Les Sept de Chicago
Chicago, 1969. La convention des Démocrates à Chicago l’année précédente a été marquée par des heurts extrêmement violents entre manifestants antiguerre du Vietnam et forces de police. Pour répondre des blessés et déprédations, le nouveau président Nixon veut faire un exemple. Il exhorte son ministre de la Justice à faire condamner sept activistes, des meneurs du rassemblement de 1968, au motif fallacieux d’une pseudo‑conspiration. Pour faire bonne mesure, un huitième homme, Bobby Seale, l’un des cofondateurs du mouvement afro‑américain Black Panther, rejoint les accusés. Commence alors une des plus ahurissantes instances de l’histoire judiciaire américaine.

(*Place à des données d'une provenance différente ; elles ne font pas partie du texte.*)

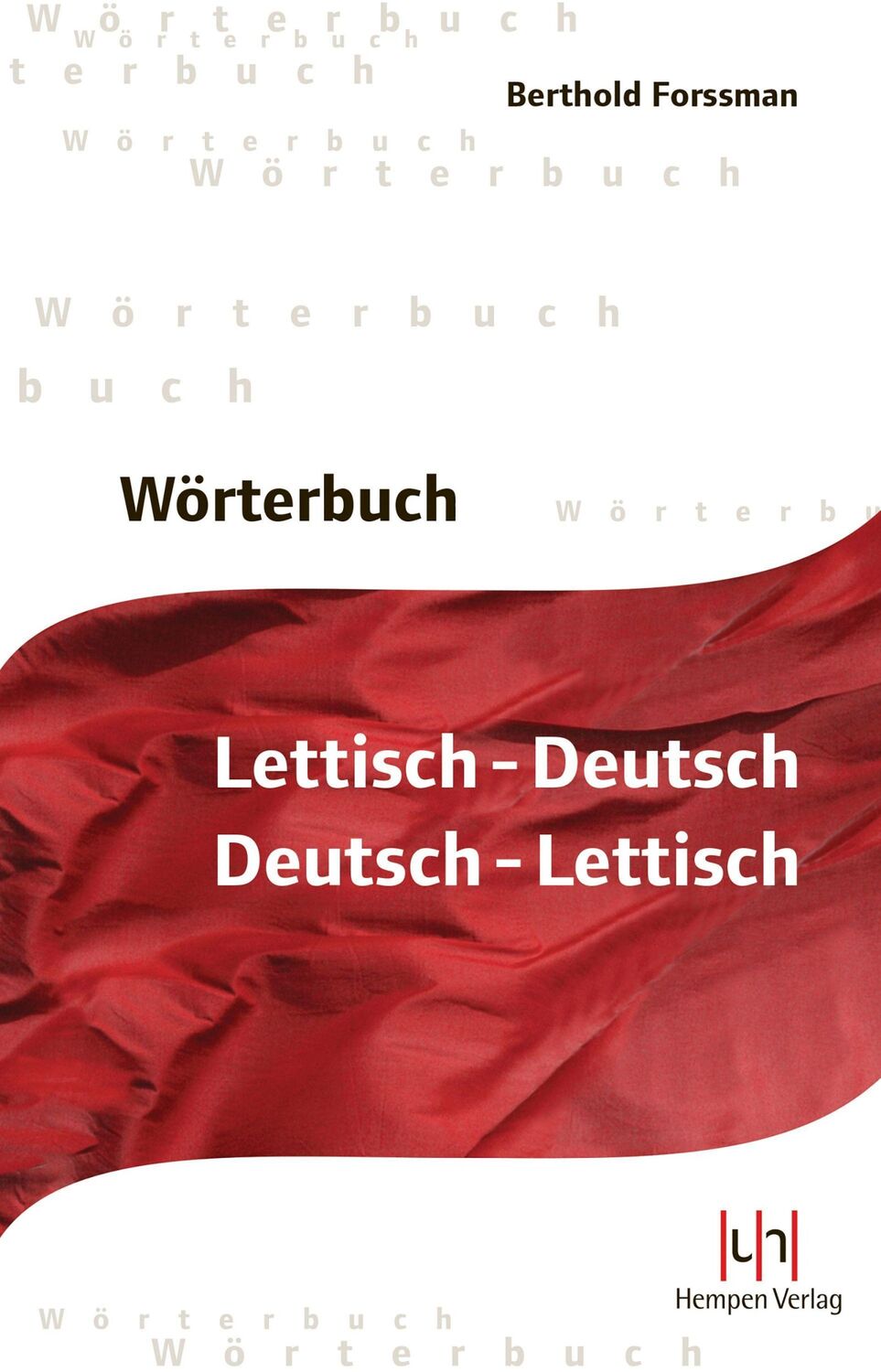 Cover: 9783934106581 | Wörterbuch Lettisch-Deutsch, Deutsch-Lettisch | Berthold Forssmann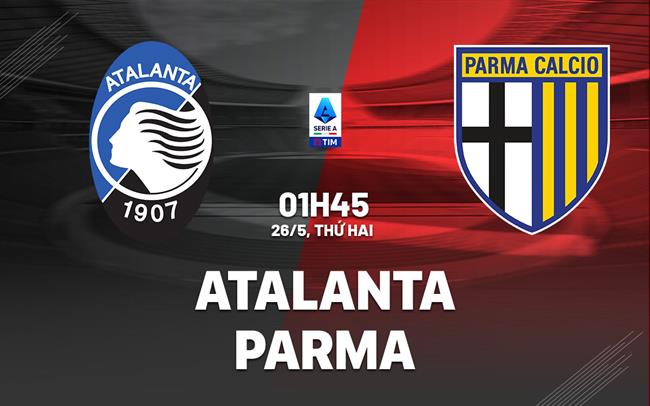 Nhận định bóng đá Atalanta vs Parma 1h45 ngày 26/5 (Serie A 2024/25)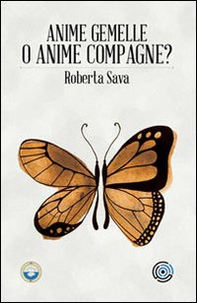 Anime Gemelle o Anime Compagne? Istruzioni di volo per cercatori d'amore - Librerie.coop Anime Gemelle o Anime Compagne? Istruzioni di volo per cercatori d'amore - Librerie.coop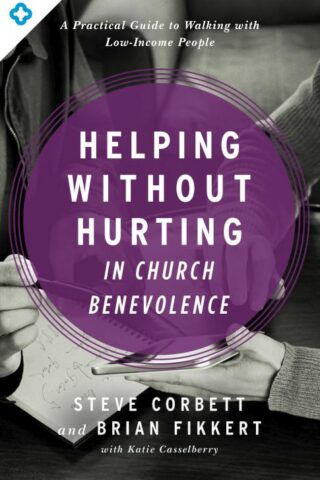 9780802413390 Helping Without Hurting In Church Benevolence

Après Le grand jeu, le célèbre scénariste Aaron Sorkin (À la Maison‑Blanche, The Social Network, Steve Jobs) repasse derrière la caméra pour livrer son second film : Les sept de Chicago. Si cette scandaleuse affaire de procès politique est bien connue aux États‑Unis, il n’en va pas de même chez nous. Citons en guise d’apéritif un juge partial à la limite de la sénilité, le tabassage d’un mis en examen trop insolent, l’absence d’avocats pour certains prévenus ou encore les preuves éclatantes laissées de côté… Aaron Sorkin doit donc ouvrir son film avec une lourde triple tâche, à la fois dépeindre rapidement le contexte de la fin des années 60, exposer ses protagonistes, accusateurs et accusés, ainsi que les forces qu’ils représentent (l’opposition à la guerre du Vietnam, les Black Panthers, le nouveau gouvernement Nixon).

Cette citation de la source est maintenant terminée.